### Task prompt:
Would you please print exactly the lines that run from the one with "Painting and applying" to the last line of the data, both included, without any pictures?

── Supplied material ──

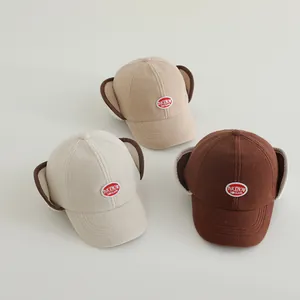 Winter fleece trapper hats for kids featuring letter patches and ear protection flaps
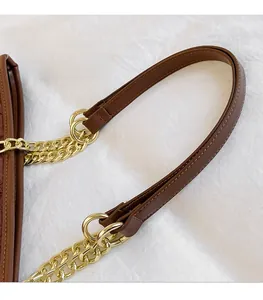 Dettaglio della borsa trapuntata marrone con manico in pelle e tracolla a catena d'oro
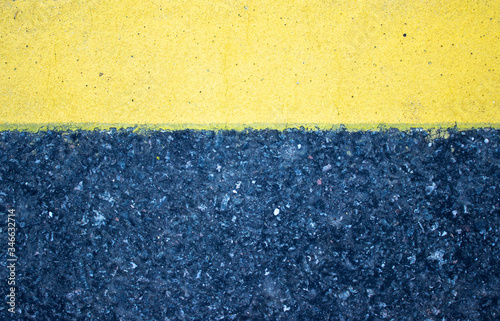 A rough look of asphalt with a pronounced yellow stripe horizontally from above. photo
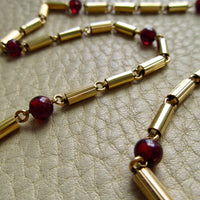 vintage 18k gold chain necklace featuring cylindrical links and dark red garnet beads, displayed on a textured beige leather surface.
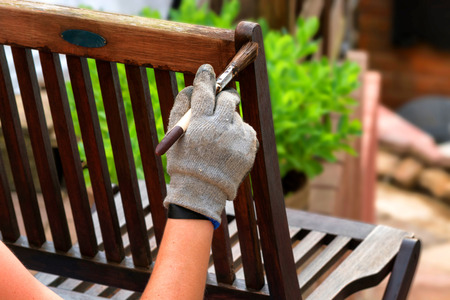 Painting and applying protective varnish on a wooden garden chairの写真素材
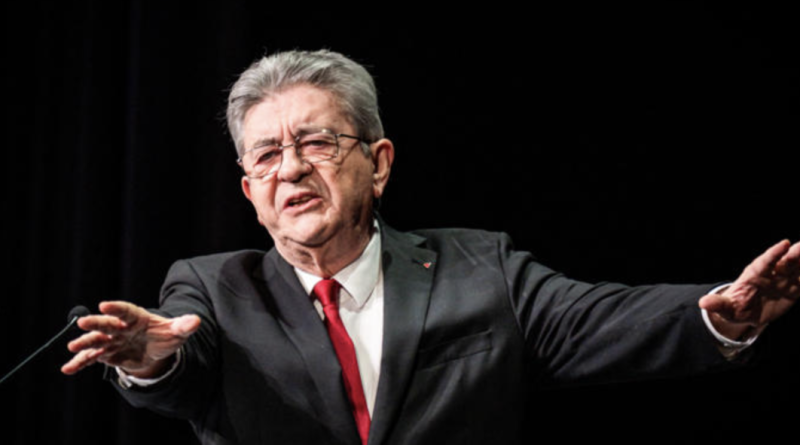 Responsable politique français en costume sombre et cravate rouge prenant la parole sur scène, illustration de la plainte visant Jean-Luc Mélenchon pour ses propos « tout blancs, tout moches »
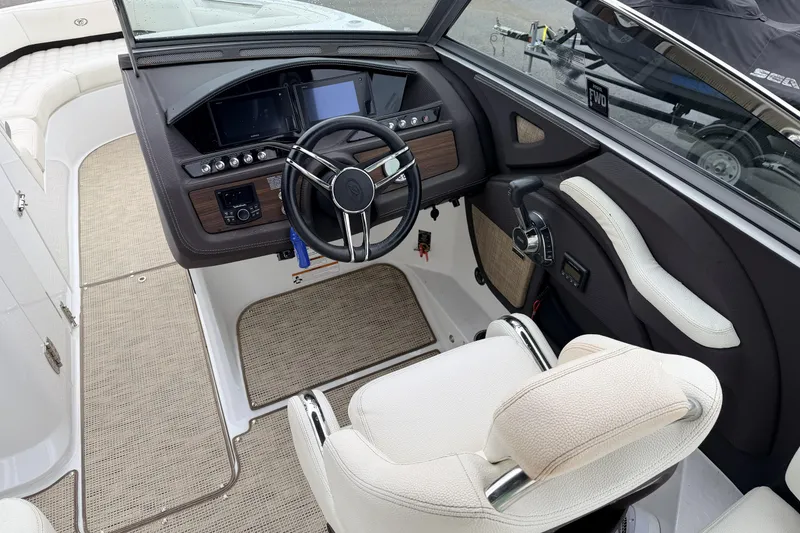 Slide: The Image of 2019 Cobalt R5 Surf boat cockpit with modern steering and control panel. - 24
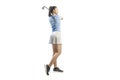 Young asian female gazing the golf ball after hit the ball with iron club in full swing pose Royalty Free Stock Photo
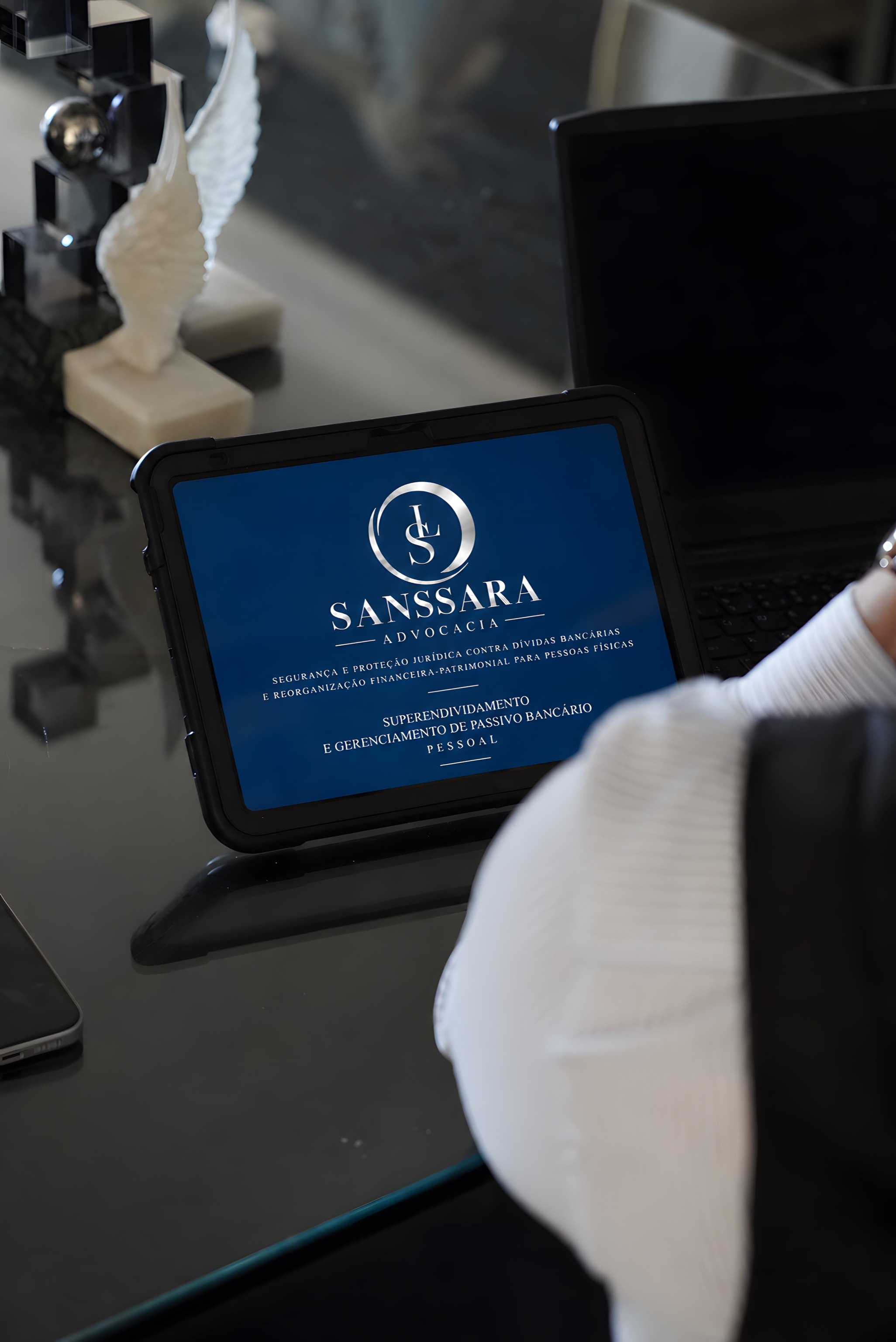 Tablet com o logotipo da Sanssara Advocacia sobre a mesa do escritório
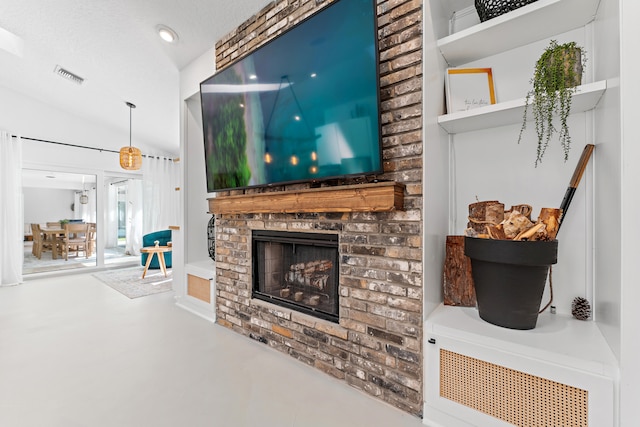 living room featuring vaulted ceiling, a textured ceiling, a fireplace, and concrete floors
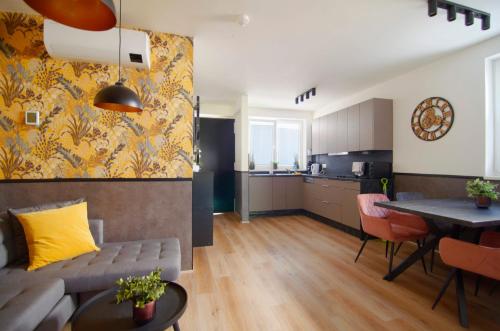 Kuchyň nebo kuchyňský kout v ubytování MH Apartments
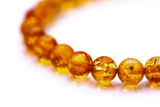 Orange Amber Sphere Bead Bracelet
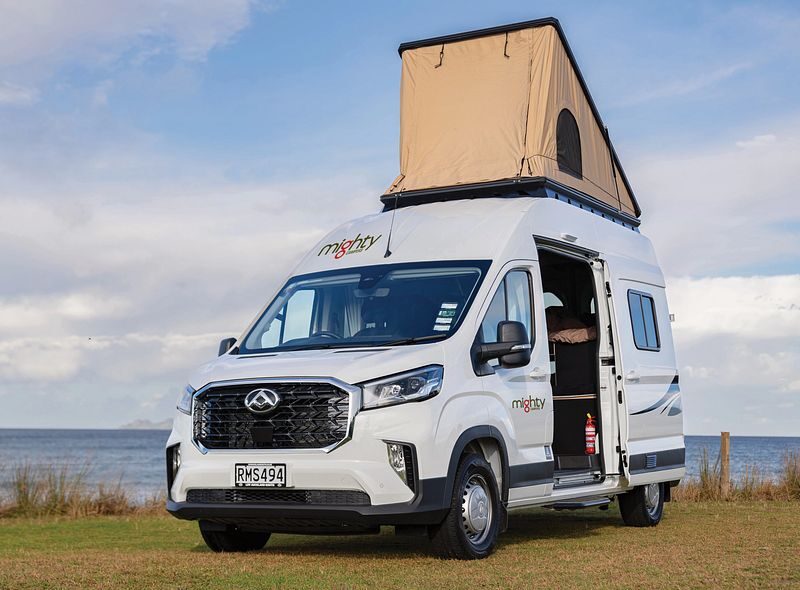 De Mighty Lite DeLITE camper staat geparkeerd op een grasveld met de daktent uitgeklapt en de zijdeur open in Nieuw-Zeeland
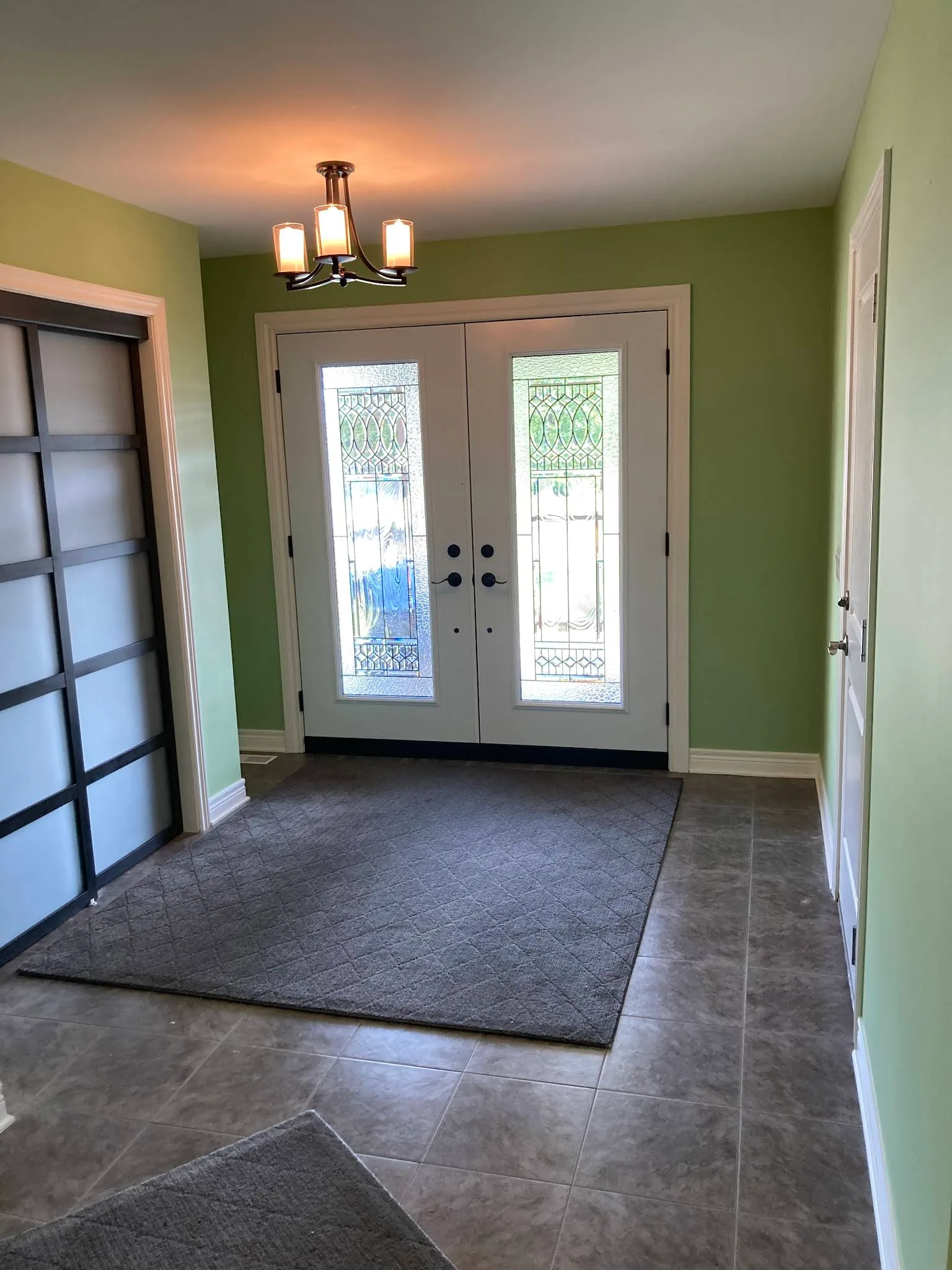 Entry hall finished with green walls and clean white trim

───

### Response:
 Painting and applying protective varnish on a wooden garden chairの写真素材
 Responsable politique français en costume sombre et cravate rouge prenant la parole sur scène, illustration de la plainte visant Jean-Luc Mélenchon pour ses propos « tout blancs, tout moches »
 Slide: The Image of 2019 Cobalt R5 Surf boat cockpit with modern steering and control panel. - 24
 Young asian female gazing the golf ball after hit the ball with iron club in full swing pose Royalty Free Stock Photo
 Tablet com o logotipo da Sanssara Advocacia sobre a mesa do escritório
 living room featuring vaulted ceiling, a textured ceiling, a fireplace, and concrete floors
 Kuchyň nebo kuchyňský kout v ubytování MH Apartments
 Orange Amber Sphere Bead Bracelet
 De Mighty Lite DeLITE camper staat geparkeerd op een grasveld met de daktent uitgeklapt en de zijdeur open in Nieuw-Zeeland
 Entry hall finished with green walls and clean white trim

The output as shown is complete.